Lokasi telaga atau danau ini berada di tengah-tengah hamparan perkebunan teh yang jauh dari hiruk pikuk pemukiman penduduk serta bangunan sehingga cocok untuk melepas penat di hari libur dengan suasana berbeda.
Penataan lingkungan danau atau situ di tempat wisata ini juga dibuat semenarik mungkin untuk spot foto bagi para wisatawan.
Seperti dipasangnya huruf-huruf titik nol kilometer Ciliwung serta sepanjang jalan setapak yang diberi hiasan sedemikian rupa.
Jalan setapak ini dibuat mengelilingi danau dan setiap beberapa ratus meter dibangun tempat istirahat yang mirip dengan bangunan halte.
Untuk di tepi danaunya, juga dibangun beberapa gazebo dari kayu yang menjorok ke danau.
Di sana juga disediakan rakit yang bisa digunakan jika ingin mencoba ke tengah telaga.

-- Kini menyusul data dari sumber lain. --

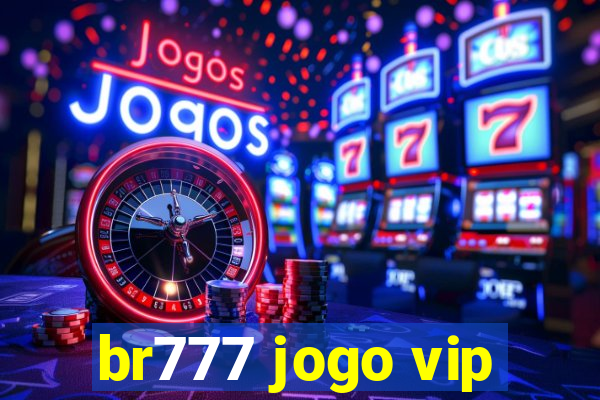 br777 jogo vip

Untuk menuju ke Telaga Saat ini aksesnya tidak terlalu rumit.
Wisatawan hanya perlu masuk pintu pos wisatawan Telaga Warna di kawasan Cisarua, Puncak Bogor yang tak jauh dari Masjid Attaawun.
Di pos tiket masuk ini, wisatawan dikenakan biaya tiket Rp30 ribu per orang/motor.
Setelah melewati pos tiket itu, ada dua simpang jalan yang mana ke kanan adalah ke arah Telaga Warna sedangkan ke kiri adalah Telaga Saat.
Ambil jalan ke arah kiri, ikuti jalan tersebut dan nanti akan kembali menemukan simpang ke dua arah jalan yang masih sama mengarah ke danau, namun untuk jalan ke kanan sedikit terjal dan ke kiri tidak terlalu terjal namun sedikit jauh karena memutar.
Akses jalan tersebut bisa diakses kendaraan roda dua maupun roda empat namun pengendara perlu ekstra hati-hati karena kondisi fisik jalan masih beralaskan batu.
Kondisi jalan ini diduga masih asli dari jaman kolonial Belanda ditambah pula masih sepi dari pemukiman penduduk sehingga suasananya seperti Puncak Bogor di masa lalu.